In September 1940 the newly established regime of Vichy France had granted Japan’s demands for military access to Tonkin with the invasion of French Indo-China ('Fu' or the Vietnam Expedition). This allowed Japan better access southern part of China in the 2nd Sino-Japanese War (1937/45) against the nationalist Chinese forces of Generalissimo Chiang Kai-shek, but was also part of Japan’s strategy for dominion over the 'Greater East Asia Co-Prosperity Sphere'. At much the same time Thailand took this opportunity of weakness to reclaim previously lost territories, resulting in the French-Thai War (October 1940/May 1941).

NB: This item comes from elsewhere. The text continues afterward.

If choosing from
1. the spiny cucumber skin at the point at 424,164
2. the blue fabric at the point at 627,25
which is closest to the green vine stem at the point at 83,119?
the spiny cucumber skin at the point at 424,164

Saigon became the headquarters of General (from June 1943 Field Marshal) Count Hisaichi Terauchi’s Southern Expeditionary Army Group, which was the general army controlling Japanese military operations and administrations in the 'Southern Resources Area'. On 9 March 1945, with France liberated, Germany in final retreat, and the USA ascendant in the Pacific, Japan decided to take complete control of Indo-China and launched the 2nd French Indo-China Campaign, which established the nominal Empire of Vietnam in place of the French administration. Early in March Japanese forces were redeployed around many of the main French garrison towns, and on 9 March, without warning, the Japanese delivered an ultimatum demanding the disarmament of all French troops. Those who refused were immediately attacked and in most cases killed, and in Saigon the two senior Vichy French officials, Général de Brigade Emile René Lemonnier and Political Resident Camille Auphalle, were beheaded. The French up-country garrisons fared better, however, and under Général de Division Marcel Jean Marie Alessandri a 5,700-man French troops fought its way through to nationalist China.
The Japanese kept power in Indo-China until the news of the Japanese surrender in August. The area of responsibility of Admiral the Lord Louis Mountbatten’s South-East Asia Command had already been expanded to embrace several countries including French Indo-China, and at the end of hostilities its primary tasks were fixed as the clearance of the last Japanese troops from Burma, the reoccupation of Malaya, and the establishment of Allied control in Saigon and then the rest of Indo-China, Bangkok in Thailand, Batavia and Soerabaja in the Netherlands East Indies, and Hong Kong.
Following the Japanese surrender, in the area to the north of the 16th parallel in Indo-China the responsibility for disarming the Japanese and maintaining order until the arrival of the French rested with Generalissimo Chiang Kai-shek’s Chinese nationalist forces, which had already sent a substantial number of men toward Tonkin and Laos. There had for some time been disagreement between Lieutenant General Albert C. Wedemeyer, Chiang Kai-shek’s adviser and commander of the US forces in China, and the headquarters of the South-East Asia Command about clandestine operations in the northern part of Indo-China, and Wedemeyer had told the South-East Asia Command at the end of August that its clandestine forces should not operate to the north of the 16th parallel. In the northern part of Indo-China the Chinese disarmed the French who had escaped destruction by the Japanese when they seized the whole country in March.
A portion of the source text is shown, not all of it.